-- Source information --
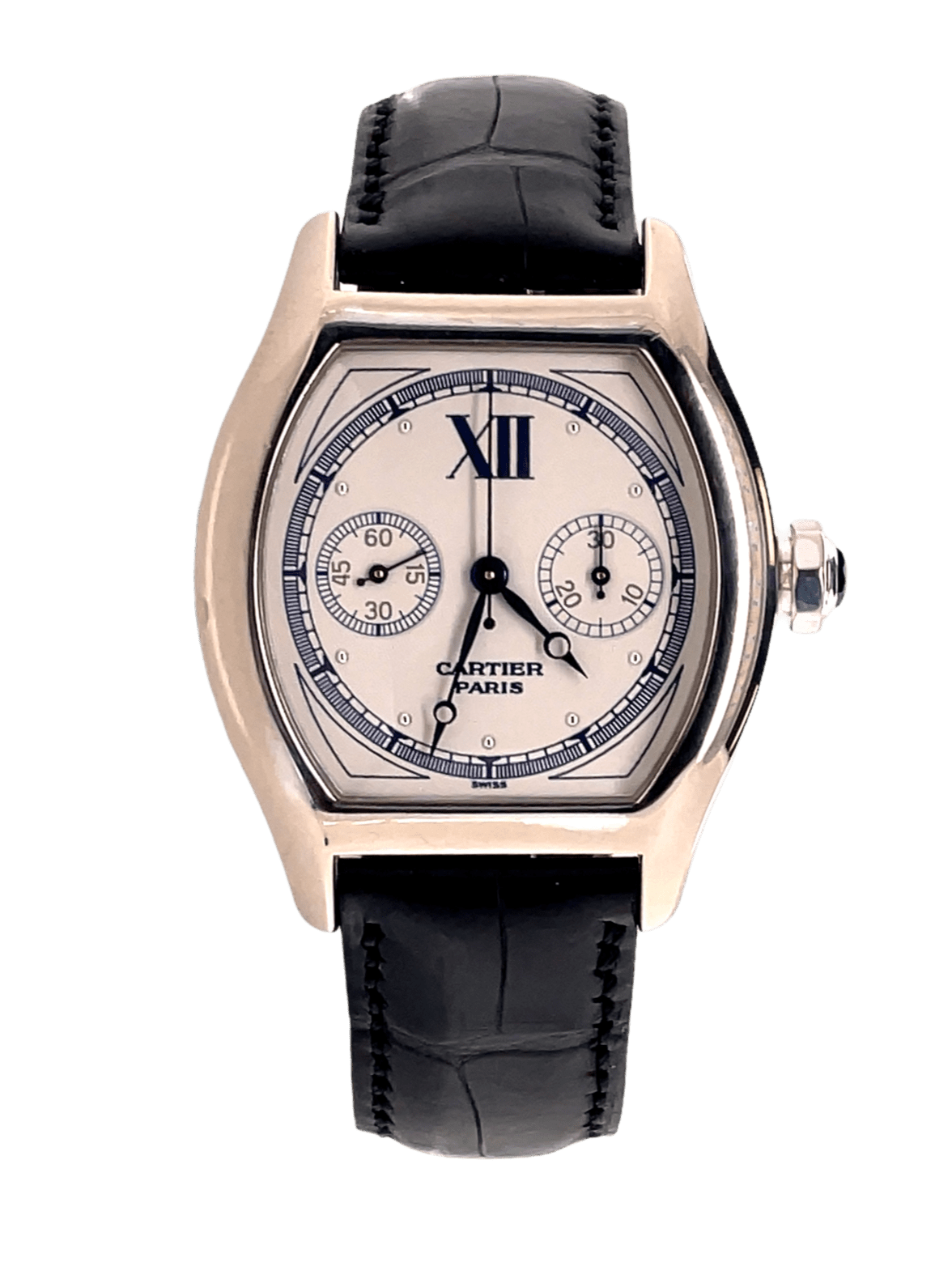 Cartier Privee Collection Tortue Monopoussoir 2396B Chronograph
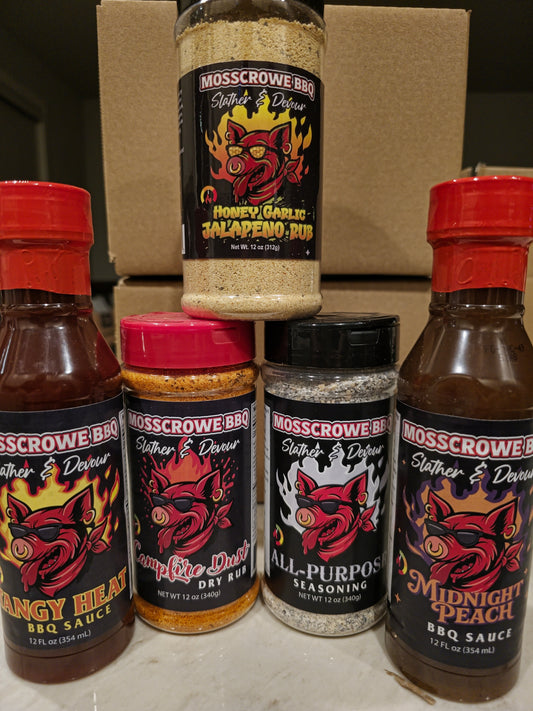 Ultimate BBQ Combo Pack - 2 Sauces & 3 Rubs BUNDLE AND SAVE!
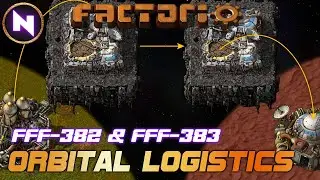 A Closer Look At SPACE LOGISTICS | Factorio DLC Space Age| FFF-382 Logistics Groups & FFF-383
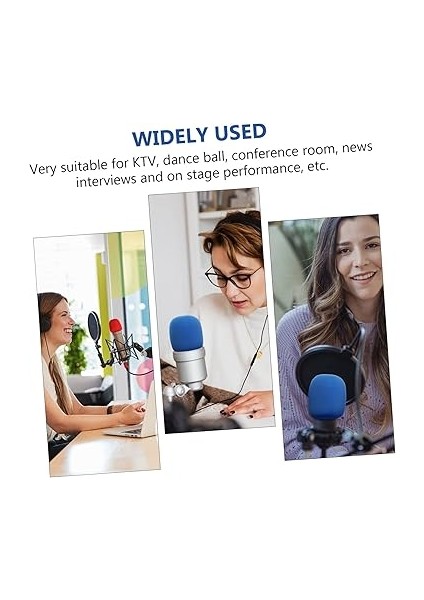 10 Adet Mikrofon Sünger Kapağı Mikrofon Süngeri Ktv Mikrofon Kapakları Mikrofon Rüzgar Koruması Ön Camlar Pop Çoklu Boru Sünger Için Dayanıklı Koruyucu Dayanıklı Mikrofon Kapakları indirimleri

==

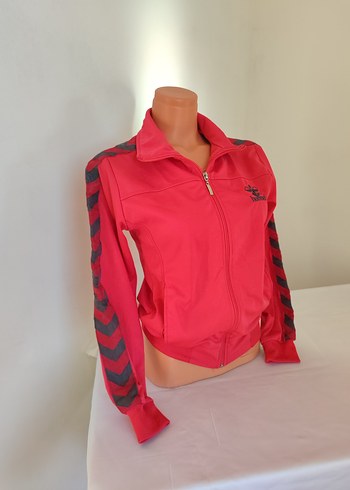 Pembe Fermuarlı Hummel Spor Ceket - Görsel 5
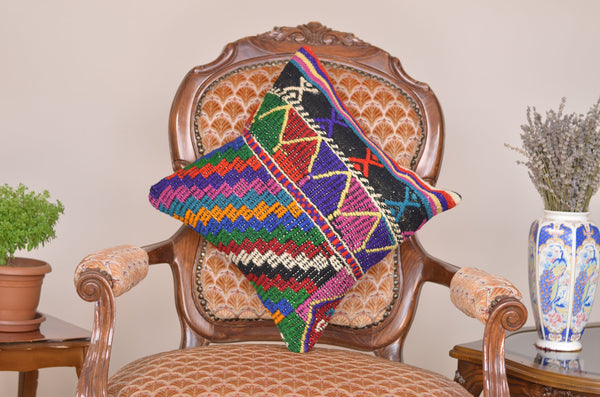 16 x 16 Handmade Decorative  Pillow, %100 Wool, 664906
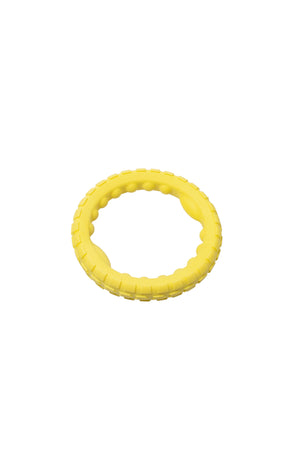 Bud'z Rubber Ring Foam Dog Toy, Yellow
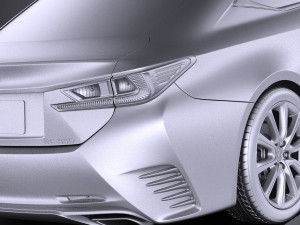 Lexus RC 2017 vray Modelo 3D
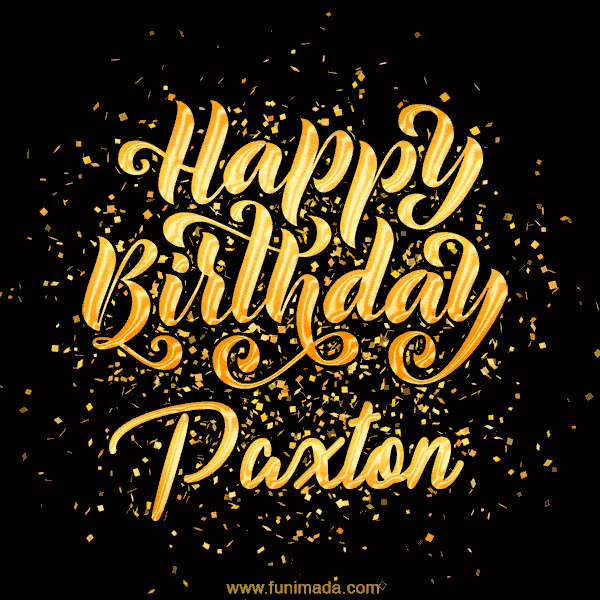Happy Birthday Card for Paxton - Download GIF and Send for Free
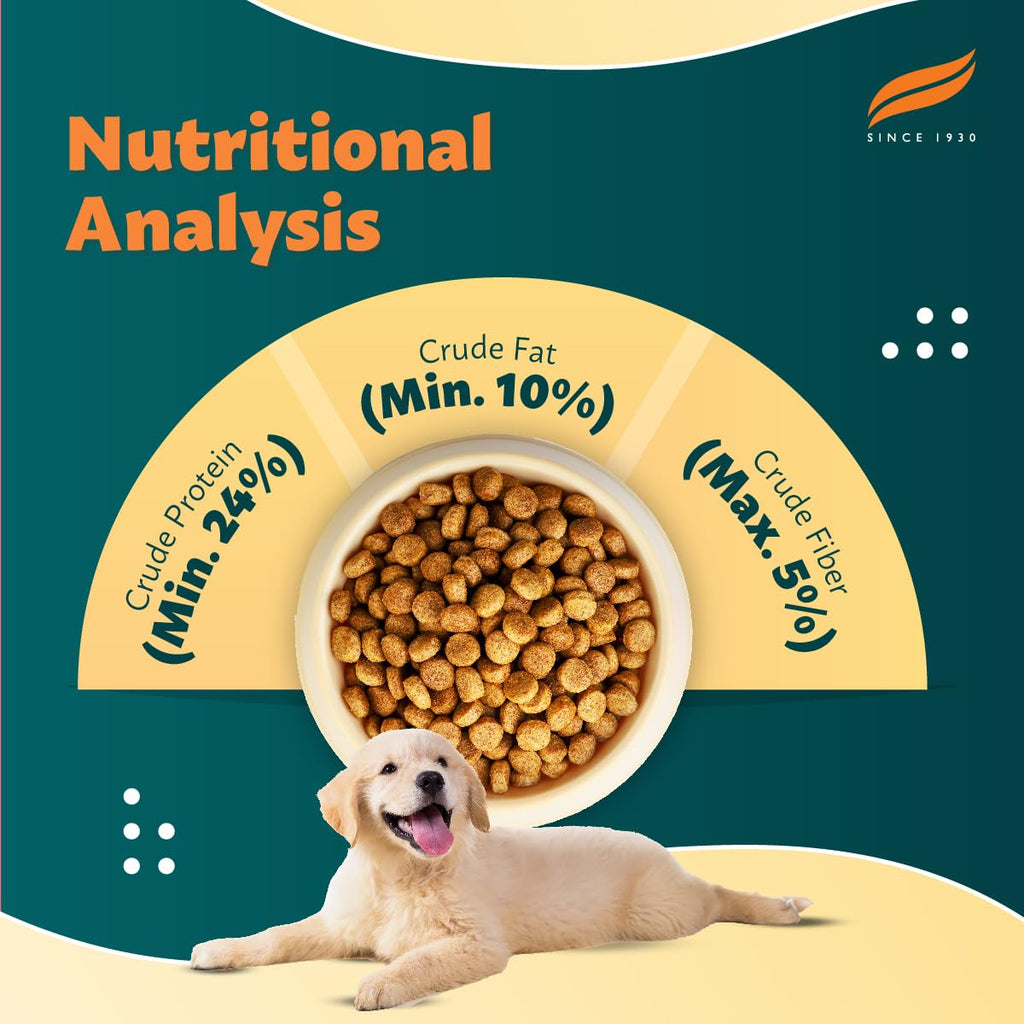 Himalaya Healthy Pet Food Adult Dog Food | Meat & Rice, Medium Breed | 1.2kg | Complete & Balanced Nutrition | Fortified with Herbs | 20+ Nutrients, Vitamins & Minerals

---

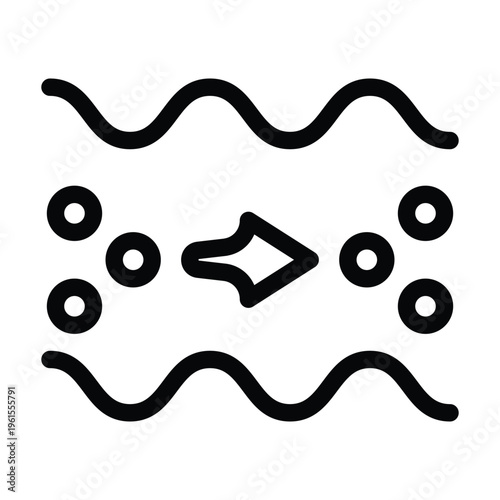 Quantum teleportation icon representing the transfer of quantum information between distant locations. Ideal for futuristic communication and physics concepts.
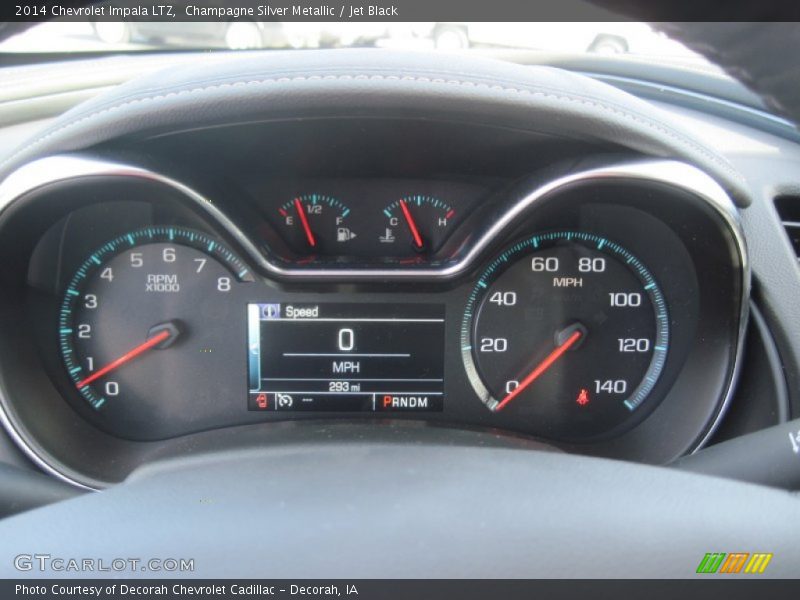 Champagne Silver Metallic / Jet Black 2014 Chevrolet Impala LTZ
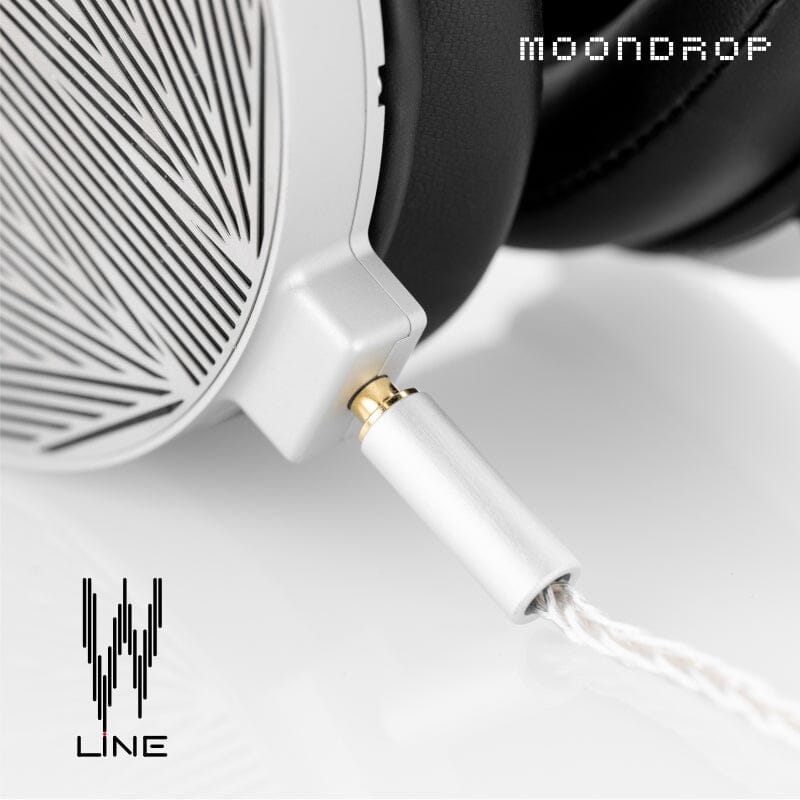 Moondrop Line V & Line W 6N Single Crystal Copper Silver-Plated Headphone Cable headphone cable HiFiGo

-- Task statement --
Going back to the data above, write out everything from the line with "Ultimate BBQ Combo" down to the line with "10 Adet Mikrofon", both included, leaving every picture out.

-- Reply to the exercise --
 Ultimate BBQ Combo Pack - 2 Sauces & 3 Rubs BUNDLE AND SAVE!
 A Closer Look At SPACE LOGISTICS | Factorio DLC Space Age| FFF-382 Logistics Groups & FFF-383
 10 Adet Mikrofon Sünger Kapağı Mikrofon Süngeri Ktv Mikrofon Kapakları Mikrofon Rüzgar Koruması Ön Camlar Pop Çoklu Boru Sünger Için Dayanıklı Koruyucu Dayanıklı Mikrofon Kapakları indirimleri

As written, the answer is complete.